En tanto, el acuerdo federal en torno del propósito de bajar el déficit fiscal, importa una significativa modificación de las reglas actuales y se torna más estricto el manejo de las cuentas, incluyendo una apertura pública de su evolución.  Es así que cada distrito quedará obligado a publicar en su página web el Presupuesto Anual, las proyecciones del Presupuesto Plurianual y la Cuenta Anual de Inversión. Este proyecto prevé que la tasa nominal de incremento del gasto público corriente primario neto tanto provincial como nacional no podrá superar la tasa de aumento de la inflación. También incluye el compromiso de mantener estable la relación de cargos ocupados en el Sector Público, respecto a la población proyectada por el INDEC para cada jurisdicción.
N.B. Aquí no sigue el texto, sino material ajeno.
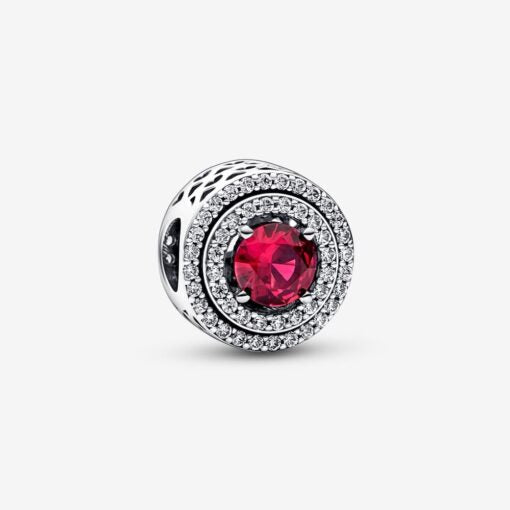 Pandora Charm Pavè e Pietra Rossa 792418C01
Otro aspecto importante de la reforma de la ley de Responsabilidad Fiscal que se propone es el ordenamiento del fin de mandato. Se trata del manejo de gastos de los dos últimos trimestres del último año de gestión, en los que no se podrán realizar incrementos del gasto corriente de carácter permanente, excepto estrictas situaciones. Durante ese periodo, estará prohibida la donación o venta de activos fijos.

Estas decisiones, descriptas a grandes rasgos, están indicando cambios en la administración de recursos públicos, con el consiguiente impacto en la cobertura de las obligaciones básicas del Estado. Es en ese marco en que se pondera la importancia de la intervención legislativa.

En un año de renovación de las bancas, marca un camino para la toma de decisiones por parte de la ciudadanía.